Give back exactly the lines of the data below, starting with the line that has "Pair of Chipmunks Fleece Blanket" and going on through the line that has "Color Splash Flare Skirt".

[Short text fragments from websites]
============
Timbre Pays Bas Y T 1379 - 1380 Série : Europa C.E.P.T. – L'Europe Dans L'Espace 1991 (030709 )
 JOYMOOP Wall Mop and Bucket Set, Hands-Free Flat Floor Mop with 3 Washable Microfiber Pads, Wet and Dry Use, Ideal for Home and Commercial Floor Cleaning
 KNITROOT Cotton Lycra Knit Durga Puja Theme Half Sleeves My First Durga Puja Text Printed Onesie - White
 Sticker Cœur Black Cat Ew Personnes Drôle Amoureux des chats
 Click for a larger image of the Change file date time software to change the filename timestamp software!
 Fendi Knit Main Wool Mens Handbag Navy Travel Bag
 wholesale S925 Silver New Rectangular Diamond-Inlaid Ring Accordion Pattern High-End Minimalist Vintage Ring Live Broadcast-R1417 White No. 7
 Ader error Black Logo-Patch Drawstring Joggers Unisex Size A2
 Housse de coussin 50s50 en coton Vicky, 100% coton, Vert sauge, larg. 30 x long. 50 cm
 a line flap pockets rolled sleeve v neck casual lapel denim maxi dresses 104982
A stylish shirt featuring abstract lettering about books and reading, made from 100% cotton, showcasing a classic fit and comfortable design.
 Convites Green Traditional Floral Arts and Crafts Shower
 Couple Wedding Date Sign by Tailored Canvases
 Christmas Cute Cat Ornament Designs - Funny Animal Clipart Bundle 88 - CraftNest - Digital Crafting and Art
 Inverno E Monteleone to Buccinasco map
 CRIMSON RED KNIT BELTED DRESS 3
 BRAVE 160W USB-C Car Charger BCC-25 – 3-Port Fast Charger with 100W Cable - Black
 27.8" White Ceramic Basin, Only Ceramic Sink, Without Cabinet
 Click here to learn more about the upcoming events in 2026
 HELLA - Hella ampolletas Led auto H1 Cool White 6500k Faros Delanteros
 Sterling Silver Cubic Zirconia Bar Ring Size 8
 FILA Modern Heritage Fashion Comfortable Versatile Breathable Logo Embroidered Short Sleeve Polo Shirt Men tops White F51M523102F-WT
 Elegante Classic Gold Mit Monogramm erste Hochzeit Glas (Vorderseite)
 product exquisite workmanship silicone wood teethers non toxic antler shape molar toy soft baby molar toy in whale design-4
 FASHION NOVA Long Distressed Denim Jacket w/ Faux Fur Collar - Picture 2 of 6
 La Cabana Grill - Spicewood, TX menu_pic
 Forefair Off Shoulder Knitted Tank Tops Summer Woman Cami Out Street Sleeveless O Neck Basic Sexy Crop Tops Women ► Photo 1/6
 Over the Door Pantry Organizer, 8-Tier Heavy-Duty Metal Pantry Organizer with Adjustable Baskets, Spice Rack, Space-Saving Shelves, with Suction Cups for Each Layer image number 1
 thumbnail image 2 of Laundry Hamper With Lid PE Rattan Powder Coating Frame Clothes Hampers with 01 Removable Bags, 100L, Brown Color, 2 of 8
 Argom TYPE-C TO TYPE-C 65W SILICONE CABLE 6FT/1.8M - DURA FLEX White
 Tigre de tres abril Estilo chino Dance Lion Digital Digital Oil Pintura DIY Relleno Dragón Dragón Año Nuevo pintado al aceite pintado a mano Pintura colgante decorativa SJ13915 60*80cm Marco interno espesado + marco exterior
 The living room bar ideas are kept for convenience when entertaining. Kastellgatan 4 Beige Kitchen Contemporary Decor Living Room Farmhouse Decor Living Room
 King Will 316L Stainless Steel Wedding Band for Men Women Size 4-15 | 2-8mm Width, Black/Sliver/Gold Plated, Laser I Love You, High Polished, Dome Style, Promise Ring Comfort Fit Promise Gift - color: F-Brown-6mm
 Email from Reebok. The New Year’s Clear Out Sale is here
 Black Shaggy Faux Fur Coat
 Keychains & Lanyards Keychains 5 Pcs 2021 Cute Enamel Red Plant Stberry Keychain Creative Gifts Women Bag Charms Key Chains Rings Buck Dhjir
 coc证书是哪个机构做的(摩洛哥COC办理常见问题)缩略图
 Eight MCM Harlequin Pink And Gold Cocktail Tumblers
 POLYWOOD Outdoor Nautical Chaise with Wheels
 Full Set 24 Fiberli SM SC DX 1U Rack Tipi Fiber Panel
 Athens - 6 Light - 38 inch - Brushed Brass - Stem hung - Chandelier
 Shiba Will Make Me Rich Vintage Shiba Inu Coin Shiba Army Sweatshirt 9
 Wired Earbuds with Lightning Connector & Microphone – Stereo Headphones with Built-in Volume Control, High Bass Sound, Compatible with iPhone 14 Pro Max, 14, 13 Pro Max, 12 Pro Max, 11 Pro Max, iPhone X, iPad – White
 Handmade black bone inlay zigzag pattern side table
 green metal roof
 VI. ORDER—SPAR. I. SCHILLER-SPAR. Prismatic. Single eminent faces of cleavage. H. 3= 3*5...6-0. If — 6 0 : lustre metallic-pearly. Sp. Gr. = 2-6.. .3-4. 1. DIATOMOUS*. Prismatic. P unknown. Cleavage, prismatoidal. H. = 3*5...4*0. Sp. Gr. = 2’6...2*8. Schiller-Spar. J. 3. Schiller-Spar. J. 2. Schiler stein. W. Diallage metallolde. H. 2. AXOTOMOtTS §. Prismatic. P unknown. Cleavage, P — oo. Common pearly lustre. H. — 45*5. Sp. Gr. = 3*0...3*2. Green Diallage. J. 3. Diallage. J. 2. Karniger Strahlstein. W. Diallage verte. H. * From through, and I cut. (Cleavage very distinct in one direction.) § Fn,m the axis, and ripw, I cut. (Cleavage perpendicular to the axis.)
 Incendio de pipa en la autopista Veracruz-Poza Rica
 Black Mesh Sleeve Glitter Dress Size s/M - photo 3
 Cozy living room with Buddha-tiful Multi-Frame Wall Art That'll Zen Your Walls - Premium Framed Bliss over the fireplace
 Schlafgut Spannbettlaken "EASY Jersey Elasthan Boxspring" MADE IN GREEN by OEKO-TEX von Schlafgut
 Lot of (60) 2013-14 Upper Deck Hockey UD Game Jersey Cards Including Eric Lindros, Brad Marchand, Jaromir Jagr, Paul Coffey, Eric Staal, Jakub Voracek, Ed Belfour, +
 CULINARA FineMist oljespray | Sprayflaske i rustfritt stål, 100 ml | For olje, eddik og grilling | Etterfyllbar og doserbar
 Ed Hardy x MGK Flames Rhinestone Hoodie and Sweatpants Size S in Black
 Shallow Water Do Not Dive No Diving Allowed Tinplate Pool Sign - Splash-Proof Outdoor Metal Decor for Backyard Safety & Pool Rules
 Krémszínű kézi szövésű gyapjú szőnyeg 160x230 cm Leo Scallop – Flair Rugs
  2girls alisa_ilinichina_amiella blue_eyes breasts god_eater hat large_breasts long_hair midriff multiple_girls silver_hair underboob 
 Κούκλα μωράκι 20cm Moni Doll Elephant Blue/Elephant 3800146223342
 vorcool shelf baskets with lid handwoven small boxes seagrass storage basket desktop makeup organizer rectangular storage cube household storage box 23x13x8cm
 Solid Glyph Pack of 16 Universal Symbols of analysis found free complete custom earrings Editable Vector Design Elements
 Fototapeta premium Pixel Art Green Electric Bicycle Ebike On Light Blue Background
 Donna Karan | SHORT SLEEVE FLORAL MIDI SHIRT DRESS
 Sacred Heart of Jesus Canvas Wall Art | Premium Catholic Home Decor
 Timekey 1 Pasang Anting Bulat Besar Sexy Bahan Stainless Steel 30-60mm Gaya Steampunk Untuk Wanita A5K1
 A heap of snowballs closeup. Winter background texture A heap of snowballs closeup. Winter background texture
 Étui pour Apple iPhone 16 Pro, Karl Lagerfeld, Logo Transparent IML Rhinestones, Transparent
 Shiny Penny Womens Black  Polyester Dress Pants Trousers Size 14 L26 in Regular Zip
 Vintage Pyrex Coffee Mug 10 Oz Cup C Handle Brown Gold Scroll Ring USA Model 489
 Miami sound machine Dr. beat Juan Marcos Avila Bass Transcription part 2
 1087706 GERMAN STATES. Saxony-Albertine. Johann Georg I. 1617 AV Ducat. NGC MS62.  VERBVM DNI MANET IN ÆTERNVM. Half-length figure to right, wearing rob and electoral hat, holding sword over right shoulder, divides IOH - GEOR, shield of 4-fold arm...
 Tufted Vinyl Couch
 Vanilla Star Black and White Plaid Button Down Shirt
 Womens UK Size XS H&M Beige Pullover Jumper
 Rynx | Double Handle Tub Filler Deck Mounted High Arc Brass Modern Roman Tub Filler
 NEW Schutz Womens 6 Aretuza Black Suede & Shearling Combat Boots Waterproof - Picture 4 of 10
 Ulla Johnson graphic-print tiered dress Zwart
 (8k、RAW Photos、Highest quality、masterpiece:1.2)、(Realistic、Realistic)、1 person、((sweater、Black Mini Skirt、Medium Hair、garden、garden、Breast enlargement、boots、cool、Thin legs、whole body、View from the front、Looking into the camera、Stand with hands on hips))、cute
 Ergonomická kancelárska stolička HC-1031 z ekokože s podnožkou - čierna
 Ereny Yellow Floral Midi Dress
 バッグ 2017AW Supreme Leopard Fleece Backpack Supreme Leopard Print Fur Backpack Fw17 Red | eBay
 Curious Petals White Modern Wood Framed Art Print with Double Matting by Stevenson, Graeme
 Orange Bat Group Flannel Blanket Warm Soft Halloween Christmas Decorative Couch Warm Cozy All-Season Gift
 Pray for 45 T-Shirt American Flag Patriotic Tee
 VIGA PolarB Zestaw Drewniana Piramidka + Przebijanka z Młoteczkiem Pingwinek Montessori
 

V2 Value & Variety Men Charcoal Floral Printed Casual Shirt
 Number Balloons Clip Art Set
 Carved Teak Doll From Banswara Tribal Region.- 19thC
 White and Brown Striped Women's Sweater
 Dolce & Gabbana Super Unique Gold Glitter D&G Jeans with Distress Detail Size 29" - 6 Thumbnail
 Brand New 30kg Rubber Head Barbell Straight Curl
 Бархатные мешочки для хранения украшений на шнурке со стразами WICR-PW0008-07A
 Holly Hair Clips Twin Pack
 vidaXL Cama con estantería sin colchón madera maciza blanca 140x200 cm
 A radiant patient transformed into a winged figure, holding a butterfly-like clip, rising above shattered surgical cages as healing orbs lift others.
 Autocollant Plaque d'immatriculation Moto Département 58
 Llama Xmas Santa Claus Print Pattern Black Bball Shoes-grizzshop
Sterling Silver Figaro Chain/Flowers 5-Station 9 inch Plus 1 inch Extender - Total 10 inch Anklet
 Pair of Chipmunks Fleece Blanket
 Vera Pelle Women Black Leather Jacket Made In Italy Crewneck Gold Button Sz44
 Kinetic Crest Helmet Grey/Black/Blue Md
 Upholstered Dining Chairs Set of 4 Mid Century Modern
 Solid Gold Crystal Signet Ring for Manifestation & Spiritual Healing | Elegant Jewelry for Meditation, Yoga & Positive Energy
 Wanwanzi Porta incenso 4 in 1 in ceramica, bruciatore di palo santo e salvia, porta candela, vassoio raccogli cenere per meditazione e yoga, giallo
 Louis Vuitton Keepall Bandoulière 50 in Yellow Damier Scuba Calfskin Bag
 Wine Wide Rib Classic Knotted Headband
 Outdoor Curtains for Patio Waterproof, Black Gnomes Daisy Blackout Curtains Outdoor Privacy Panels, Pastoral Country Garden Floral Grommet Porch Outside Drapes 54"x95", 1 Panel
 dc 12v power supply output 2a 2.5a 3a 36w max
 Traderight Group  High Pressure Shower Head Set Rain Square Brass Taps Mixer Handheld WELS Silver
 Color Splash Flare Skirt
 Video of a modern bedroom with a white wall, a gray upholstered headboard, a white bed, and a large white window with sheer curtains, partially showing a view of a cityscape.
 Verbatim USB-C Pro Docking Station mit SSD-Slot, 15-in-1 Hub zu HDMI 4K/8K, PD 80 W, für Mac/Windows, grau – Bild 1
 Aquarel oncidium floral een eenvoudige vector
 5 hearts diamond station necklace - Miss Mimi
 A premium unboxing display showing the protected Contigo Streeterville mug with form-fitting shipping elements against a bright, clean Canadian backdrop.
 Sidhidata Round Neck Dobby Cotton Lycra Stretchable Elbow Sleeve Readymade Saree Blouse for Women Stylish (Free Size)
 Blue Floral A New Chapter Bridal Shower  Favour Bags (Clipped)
============
### Reply
 Pair of Chipmunks Fleece Blanket
 Vera Pelle Women Black Leather Jacket Made In Italy Crewneck Gold Button Sz44
 Kinetic Crest Helmet Grey/Black/Blue Md
 Upholstered Dining Chairs Set of 4 Mid Century Modern
 Solid Gold Crystal Signet Ring for Manifestation & Spiritual Healing | Elegant Jewelry for Meditation, Yoga & Positive Energy
 Wanwanzi Porta incenso 4 in 1 in ceramica, bruciatore di palo santo e salvia, porta candela, vassoio raccogli cenere per meditazione e yoga, giallo
 Louis Vuitton Keepall Bandoulière 50 in Yellow Damier Scuba Calfskin Bag
 Wine Wide Rib Classic Knotted Headband
 Outdoor Curtains for Patio Waterproof, Black Gnomes Daisy Blackout Curtains Outdoor Privacy Panels, Pastoral Country Garden Floral Grommet Porch Outside Drapes 54"x95", 1 Panel
 dc 12v power supply output 2a 2.5a 3a 36w max
 Traderight Group  High Pressure Shower Head Set Rain Square Brass Taps Mixer Handheld WELS Silver
 Color Splash Flare Skirt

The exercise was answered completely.